My idea is to find the set of hyperplanes $h_i : a_i^Tx=b_i$ defined by the pairs $(x_0,x_i)$, such as they divide the entire space in halfspaces that fulfill $a_i^Tx \le b_i \Leftrightarrow \|x-x_0\| \le \|x-x_i\|$.
Intuitively, I can see that the hyperplanes I am looking for are symmetric with respect to each pair of points, so $a_i = x_i-x_0$ and $b_i = (x_i-x_0)^T (\frac{x_i+x_0}{2})$ could be a valid solution. As always, I am able to imagine it in a visual way, but I think I have no idea of how could I try to prove it in a more formal way, that is, to derive the valid $a_i$ and $b_i$ values without drawing.
Added: Following the Boyd and Vanderberghe book on convex optimization, the definition of polyhedron I am using is that of a intersection of a finite number of halfspaces and hyperplanes.

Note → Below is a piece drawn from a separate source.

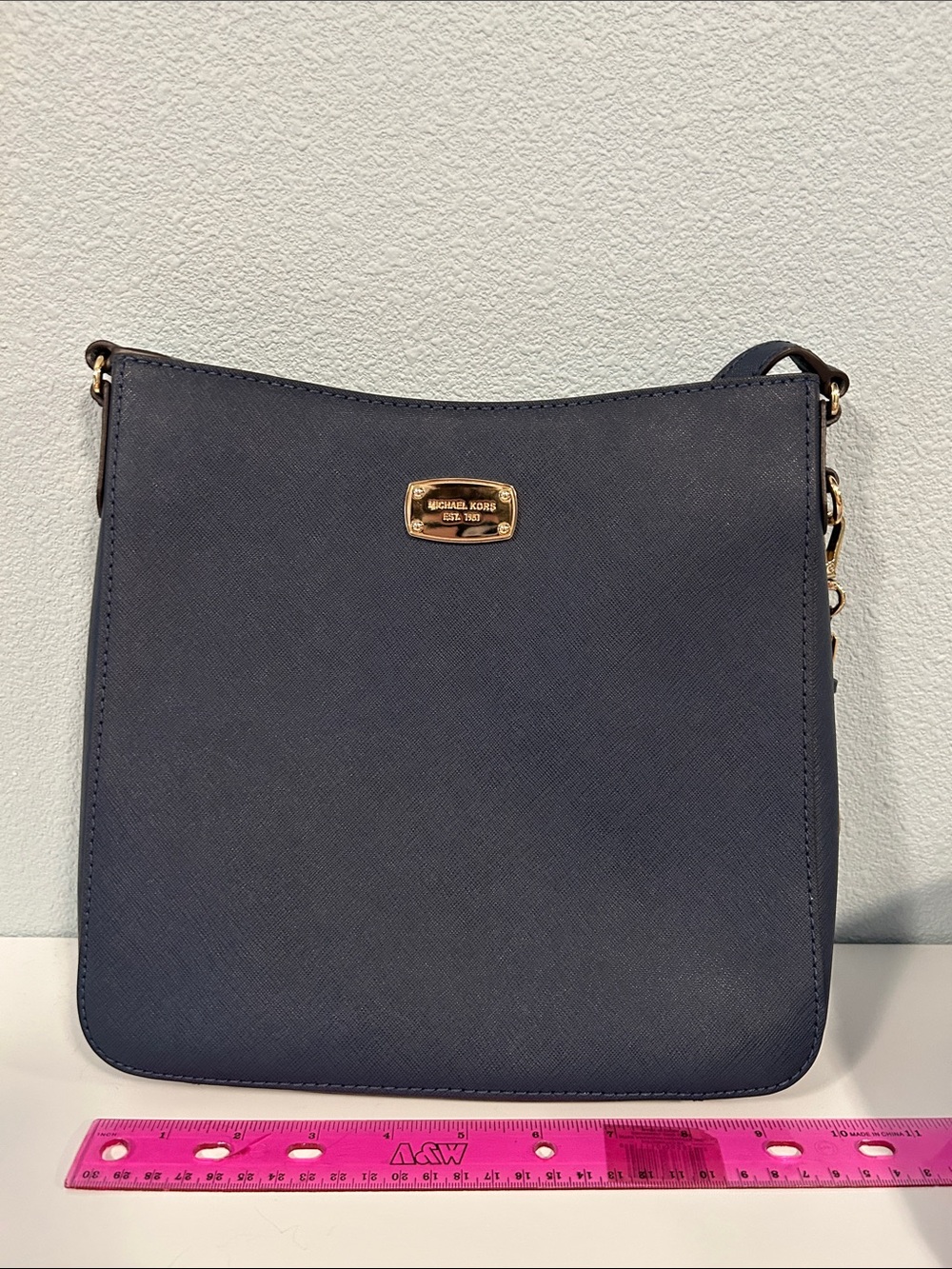 Michael Kors Navy Blue Saffiano Crossbody Bag with Gold Hardware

Could anybody please give me a hint on whether this is possible or not? Could a graphical proof like this just do its job?
Thanks in advance.
Best Answer
Your hyperplane is correct. If you square the right-hand inequality of your equivalence and cancel the terms $x^Tx$ on both sides, you're left with a linear equation for $x$ that you can bring into the form of the left-hand inequality with the values for $a_i$ and $b_i$ that you gave. Given the definition you cite, that completes the proof. Note, however, that there are other definitions of polyhedra which imply that polyhedra are bounded. The Wikipedia article states that polyhedra are bounded but has a section discussing the relationship to the definition you cite.